Solution providers can help customers meet security monitoring, reporting and audit requirements by offering services built around security information and event management (SIEM) tools.
Service providers and VARs can enter the SIEM services market by expanding their own infrastructure and expertise, and/or partnering with managed security service providers (MSSP) that already have a strong SIEM managed service.
SIEM, also called SIM or SEM, has been a topic of interest this year due to regulatory compliance requirements -- specifically the Payment Card Industry Data Security Standard (PCI DSS) -- that prescribe security-related log monitoring and daily review. Gartner Inc. pegged the market at about $1 billion in 2008 with continued growth this year, and noted in an April report that MSSPs are beginning to adopt SIEM as a service.
However, SIEM is complex and expensive to deploy, and requires dedicated expert personnel to monitor and evaluate alerts and analyze reports. According to Pam Casale, chief marketing officer for Reston, Va.-based SIEM vendor Intellitactics Inc., the economy has put pressure on companies with SIEM projects, primarily because companies can't add enough staff required to run, implement and manage SIEM.
"I used to think of outsourcing as driven by cost only, but in security it's also a shortage of expertise," Casale said. "It makes sense to partner with a service provider that knows how to manage SIEM, knows how to connect to PCI devices that are in scope, and knows what reports are required."
SIEM services can take a variety of forms, starting with essential log management for compliance, probably the most common use case, to around-the-clock monitoring, analysis and incident management, said Kevin Prince, CTO for Milford, Conn.-based MSSP Perimeter eSecurity Inc., which offers a SIEM service using gear from Intellitactics.
A "SIEM light" approach, as Prince calls it, includes security event management in addition to log management. The customer relies on the MSSP to handle the 24x7 security operations center (SOC) monitoring, sending important alerts for the customer to deal with.
"For full SIEM, we correlate the data, send it to our SOC analysts and then handle all escalation procedures and manage work ticketing for [customers]."
There are several potential deployment models. If the customer already owns the SIEM product, it may choose to outsource some or all of the management, easing staffing issues. Increasingly, the MSSP often owns the appliance and deploys it on-premise as part of the service.
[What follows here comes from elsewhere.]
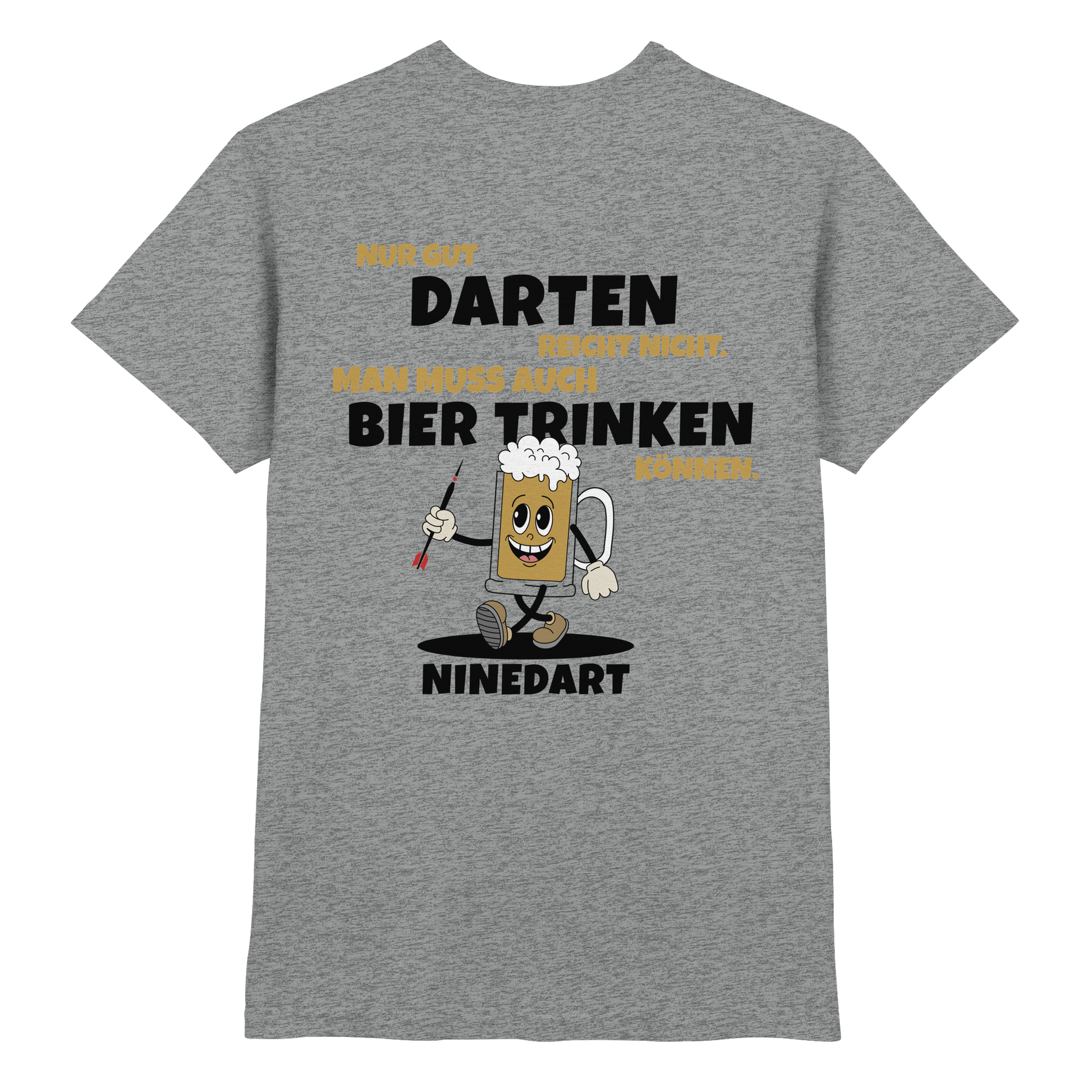 Nur gut Darten reicht nicht  - Premium Shirt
This relieves customers of the capital expenses and allows them to implement SIEM as a managed service and funded as an operating expense, which is generally easier to budget and offers a more flexible long-term commitment.
In a third option, depending on the vendor, simple collector appliances gather the data on premise and send it via the Internet to the service provider's back-end SIEM. This is less expensive because it doesn't require deployment of "full" SIEM appliances; it reduces power consumption and doesn't take up rack and storage space on premise.
SIEM vendors and MSSPs say that with a broad portfolio of managed security services, MSSPs are in a good position to leverage their in-house security expertise and infrastructure to build SIEM service offerings.
"You need people who understand security," said John Menezes, president and CEO of Mississauga, Ontario-based MSSP Cyberklix Inc., which transitioned from a VAR to a SIEM-based MSSP centered around RSA's enVision products. "We found we needed people with hands-on experience with Windows and Unix applications, people who understand how to classify an event when it is generated by a system."
Menezes said his customers expect Cyberklix to sort through millions of events and "send them the eight to 10 that occur in a day that are of consequence to them."
Perimeter's Prince sees SIEM, which the company added as a service two years ago, as a natural progression from the managed security services the company had offered for years, including IDS, routers, switches and firewalls.
"At a high level, that was always SIEM," he said. "SIEM has allowed us to broaden the devices and systems we can fold into a holistic security view."
That's a "huge value," he said, as half of Perimeter's revenue now comes from up-selling to existing customers.
Traditional VARs can partner with SIEM MSSPs to offer services without making major investments in infrastructure and personnel. The VAR's role can vary depending on its business focus and expertise, Prince said. For example, the VAR may play a consulting role by determining what devices need to be monitored, interpreting reports for compliance and auditing, or delivering a fully branded SIEM service.
"Trying to do it on your own is daunting in terms of capital expenses, and expertise is tough," Prince said. "Simply retaining the right level of security engineer long term is difficult. It depends on the VAR. You can leave the whole thing to us or use whatever pieces are part of your core competency."
MSSPs that want to develop their own services should understand that SIEM is not a plug-and-play technology. Full SIEM service deployments, especially for enterprises, can take many months, said Cyberklix's Menezes, because it's necessary to establish scope, business requirements, device feeds and more. MSSPs should be prepared to put in the effort to develop knowledge and best practices to build repeatable processes that can be applied to each new customer.
Menezes said his company developed an approach that has cut deployment time for larger customers from 18 months to 3-9 months.
"We developed almost a cookie-cutter model of how to help customers," he said. This model works by asking a series of questions prior to deployment: "How do you get the solution up and running, what devices are in scope, what are the critical assets, what is required for compliance and what for security? What are business reasons for using SIEM?"